TurnTrout comments on Attainable Utility Preservation: Scaling to Superhuman

TurnTrout 27 Feb 2020 17:44 UTC
LW: 4 AF: 3
AF

Again, I worry that patches are based a lot on intuition.

If you want your math to abstractly describe reality in a meaningful sense, intuition has to enter somewhere (usually in how you formally define and operationalize the problem of interest). Therefore, I’m interpreting this as “I don’t see good principled intuitions behind the improvements”; please let me know if this is not what you meant.

I claim that, excepting the choice of denominator, all of the improvements follow directly from AUP $_{conceptual}$ (and actually, eq. 1 was the equation with arbitrary choices wrt the AGI case; I started with that because that’s how my published work formalizes the problem).

CCC says catastrophes are caused by power seeking behavior from the agent. Agents are only incentivized to pursue power in order to better achieve their own goals. Therefore, the correct equation should look something like “do your primary goal but be penalized for becoming more able to achieve your primary goal”. In this light, penalizing $R$ -AU is obviously better than using an auxiliary goal, penalizing decreases is obviously irrelevant, and penalizing immediate reward advantage is obviously irrelevant.
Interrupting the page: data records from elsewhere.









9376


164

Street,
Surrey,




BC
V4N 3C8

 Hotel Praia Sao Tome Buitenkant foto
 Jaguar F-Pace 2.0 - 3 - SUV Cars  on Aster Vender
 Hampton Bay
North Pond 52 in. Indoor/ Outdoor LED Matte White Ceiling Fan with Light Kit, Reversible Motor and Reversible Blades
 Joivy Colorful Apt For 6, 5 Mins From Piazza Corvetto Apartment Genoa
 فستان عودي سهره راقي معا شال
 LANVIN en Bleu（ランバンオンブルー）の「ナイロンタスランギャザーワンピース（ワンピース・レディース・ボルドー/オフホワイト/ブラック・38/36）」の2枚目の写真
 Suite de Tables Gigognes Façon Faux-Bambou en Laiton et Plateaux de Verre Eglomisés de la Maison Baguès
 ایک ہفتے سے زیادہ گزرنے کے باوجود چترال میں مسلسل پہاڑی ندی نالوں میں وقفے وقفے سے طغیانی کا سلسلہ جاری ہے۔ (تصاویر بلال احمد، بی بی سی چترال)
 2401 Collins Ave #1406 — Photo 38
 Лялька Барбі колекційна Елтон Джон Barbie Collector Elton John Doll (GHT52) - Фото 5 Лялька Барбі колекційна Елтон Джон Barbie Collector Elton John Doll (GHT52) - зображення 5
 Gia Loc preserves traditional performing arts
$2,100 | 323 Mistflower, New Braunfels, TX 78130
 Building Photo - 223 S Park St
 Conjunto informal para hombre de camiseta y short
The denominator, on the other hand, is indeed the product of meditating on “What kind of elegant rescaling keeps making sense in all sorts of different situations, but also can’t be gamed to arbitrarily decrease the penalty?”.
What links here?
- Rohin Shah's comment on rohinmshah’s Shortform by Rohin Shah (17 Mar 2020 1:20 UTC; 7 points)
- Charlie Steiner 27 Feb 2020 18:40 UTC
  LW: 4 AF: 2
  AF Parent
  Right. Some intuition is necessary. But a lot of these choices are ad hoc, by which I mean they aren’t strongly constrained by the result you want from them.
  For example, you have a linear penalty governed by this parameter lambda, but in principle it could have been any old function—the only strong constraint is that you want it to monotonically increase from a finite number to infinity. Now, maybe this is fine, or maybe not. But I basically don’t have much trust for meditation in this sort of case, and would rather see explicit constraints that rule out more of the available space.
  - TurnTrout 27 Feb 2020 21:06 UTC
    LW: 4 AF: 2
    AF Parent
    
    I basically don’t have much trust for meditation in this sort of case
    
    I’m not asking you to trust in anything, which is why I emphasized that I want people to think more carefully about these choices. I do not think eq. 5 is AGI-safe. I do not think you should put it in an AGI. Do I think there’s a chance it might work? Yes. But we don’t work with “chances”, so it’s not ready.
    
    Anyways, if theorem 11 of the low-hanging fruit post is met, the tradeoff penalty works fine. I also formally explored the hard constraint case and discussed a few reasons why the tradeoff is preferable to the hard constraint. Therefore, I think that particular design choice is reasonably determined. Would you want to think about this more before actually running an AGI with that choice? Of course.
    
    To your broader point, I think there may be another implicit frame difference here. I’m talking about the diff of the progress, considering questions like “are we making a lot of progress? What’s the marginal benefit of more research like this? Are we getting good philosophical returns from this line of work?”, to which I think the answer is yes.
    
    On the other hand, you might be asking “are we there yet?”, and I think the answer to that is no. Notice how these answers don’t contradict each other.
    
    From the first frame, being skeptical because each part of the equation isn’t fully determined seems like an unreasonable demand for rigor. I wrote this sequence because it seemed that my original AUP post was pedagogically bad (I was already thinking about concepts like “overfitting the AU landscape” back in August 2018) and so very few people understood what I was arguing.
    
    I’d like to think that my interpretive labor has paid off: AUP isn’t a slapdash mixture of constraints which is too complicated to be obviously broken, it’s attempting to directly disincentive catastrophes based off of straightforward philosophical reasoning, relying on assumptions and conjectures which I’ve clearly stated. In many cases, I waited weeks so I could formalize my reasoning in the context of MDPs (e.g. why should you think of the AU landscape as a ‘dual’ to the world state? Because I proved it).
    
    There’s always another spot where I could make my claims more rigorous, where I could gather just a bit more evidence. But at some point I have to actually put the posts up, and I think I’ve provided some pretty good evidence in this sequence.
    
    From the second frame, being skeptical because each part of the equation isn’t fully determined is entirely appropriate and something I encourage.
    
    I think you’re writing from something closer to the second frame, but I don’t know for sure. For my part, this sequence has been arguing from the first frame: “towards a new impact measure”, and that’s why I’ve been providing pushback.